Further detail on each of these key changes is set forth below.
Increase in Filing Threshold for All Form PF Filers
The Proposal would increase the filing threshold for all Form PF filers from $150 million in private fund assets under management to $1 billion.3 The Commissions estimate that this proposed change would eliminate filing obligations for almost half of the advisers that currently must file Form PF. Importantly, the Commissions further estimate that, even with this significantly higher threshold, Form PF would continue to obtain information on approximately 94 percent of private fund gross asset value that advisers currently report.

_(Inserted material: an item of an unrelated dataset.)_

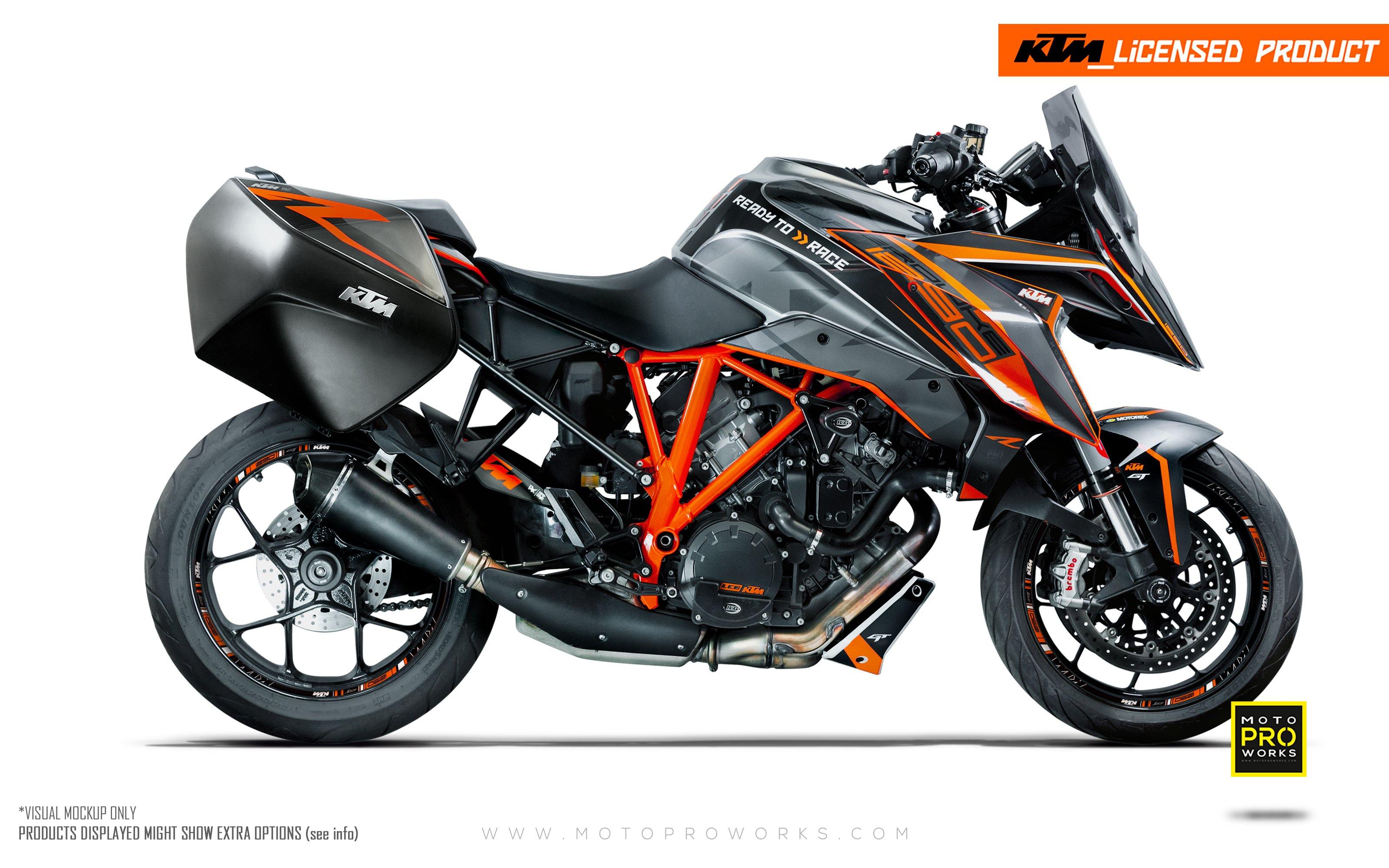 KTM Superduke 1290GT GRAPHIC KIT - "Torque" (Black/Orange) - MotoProWorks | Decals and Bike Graphic kit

This proposed change is designed to eliminate filing burdens for smaller advisers while continuing to collect data on a significant percentage of private fund assets.
Increase in Reporting Threshold for Large Hedge Fund Advisers
The Proposal would increase the reporting threshold for large hedge fund advisers from $1.5 billion in hedge fund assets under management to $10 billion. Currently, to qualify as a large hedge fund adviser, a Form PF filer and its related persons must have, collectively, at least $1.5 billion in hedge fund assets under management. The Commissions estimate that the proposed change would eliminate certain reporting obligations for almost two-thirds of advisers that currently must report as large hedge fund advisers. Under the Proposal, Form PF would continue to obtain information quarterly on over 80 percent of hedge fund gross asset value that advisers report.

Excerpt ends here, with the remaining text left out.